> _Exercise directions_
Return only what runs from the line containing "Pompey boss Kenny" through the last line of the entries below, exactly, omitting pictures.

> _Data listing_

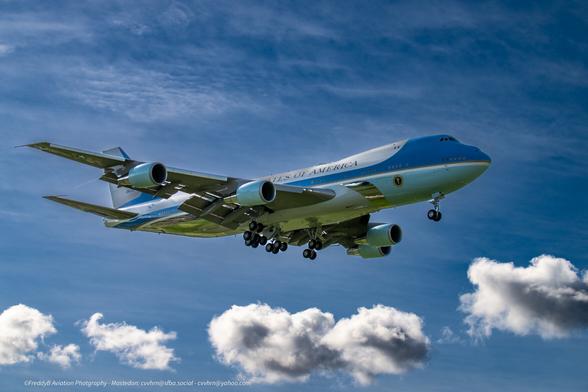a large 4 engine plane floats in for a landing. Its gear is lowered and the plane is light blue and polished aluminum at the base with a blue coclpit area swooping back to the rear. The rest of the plane is white. ,United States of America is emblazoned on the fuselage. Just behind the front gear and on the side the round seat of the president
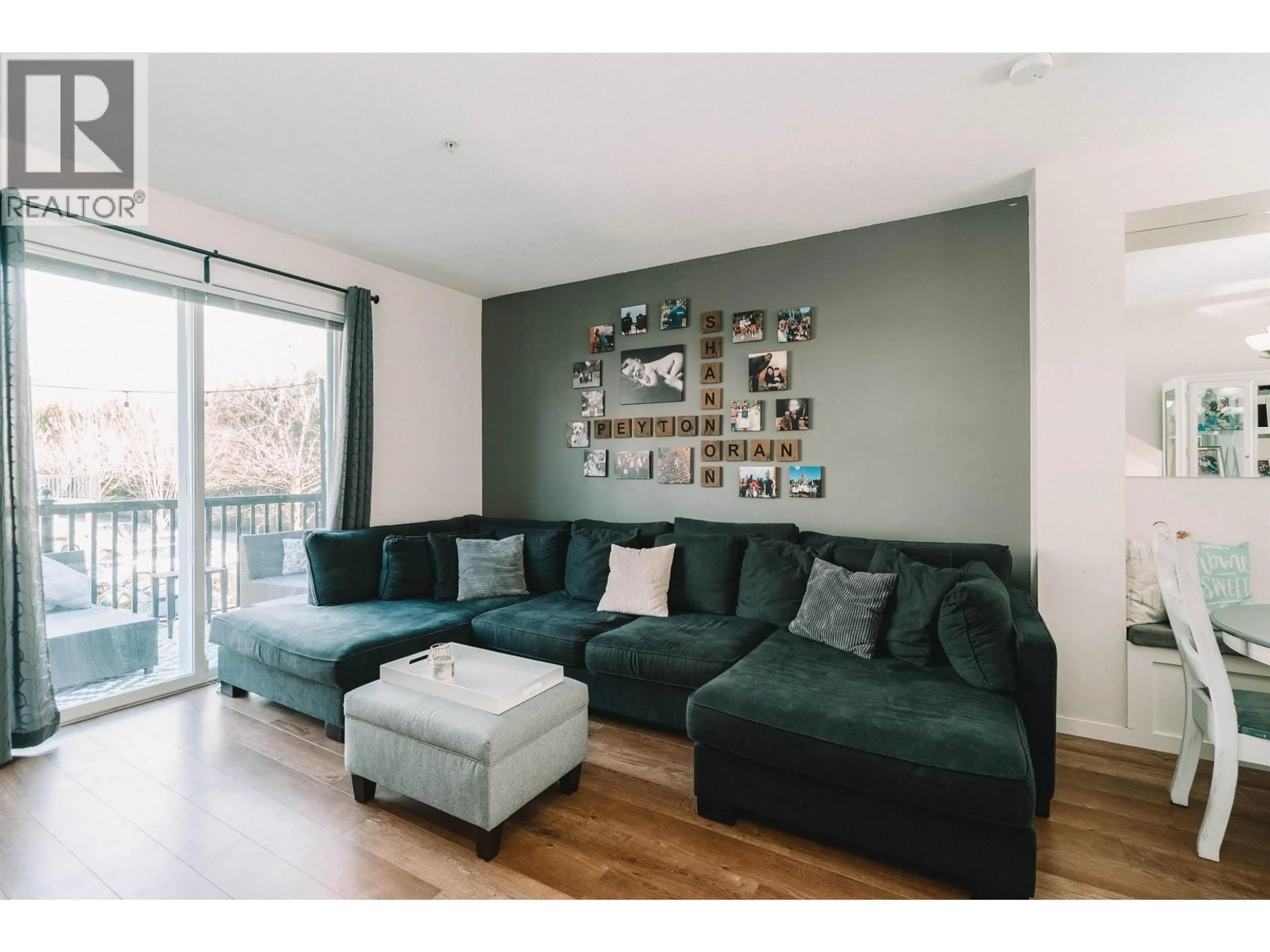 Living room with furniture, wood/laminate floor for 136 - 2418 AVON PLACE, Port Coquitlam British Columbia V3B0C7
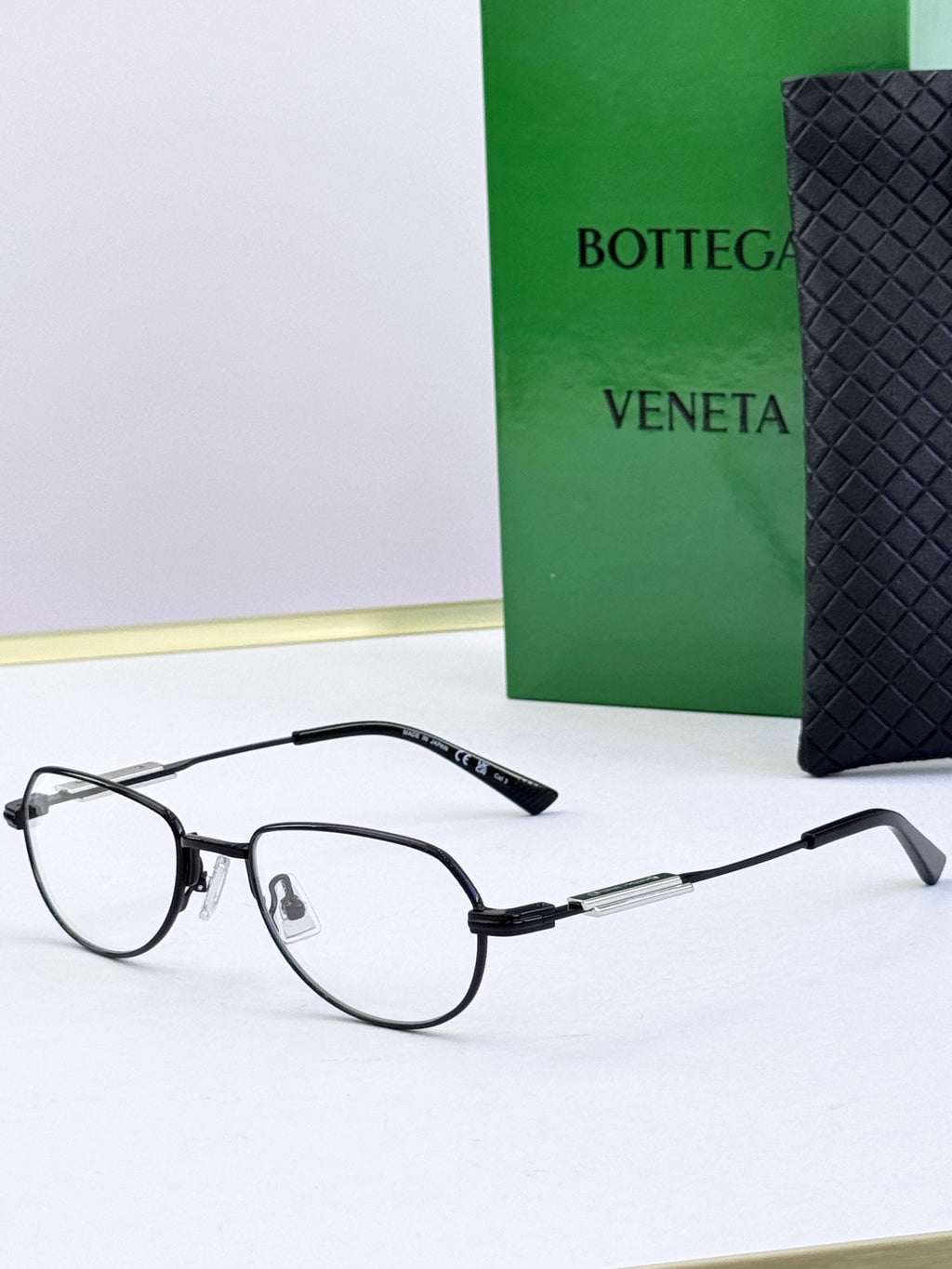 Bottega Veneta glasses with clear lenses and dark frames, side angle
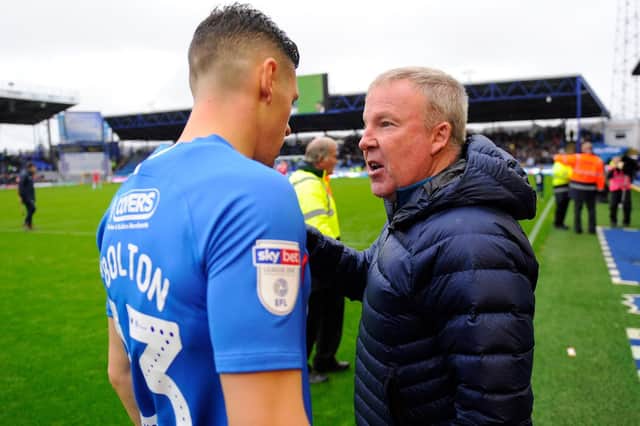 Pompey boss Kenny Jackett with Blues defender James Bolton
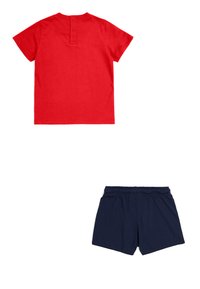 Camiseta de algodón roja con mangas cortas y detalle de botones en la parte posterior, combinada con pantalones cortos de algodón azul marino con cintura elástica.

> _Exercise response_
 Pompey boss Kenny Jackett with Blues defender James Bolton
 Camiseta de algodón roja con mangas cortas y detalle de botones en la parte posterior, combinada con pantalones cortos de algodón azul marino con cintura elástica.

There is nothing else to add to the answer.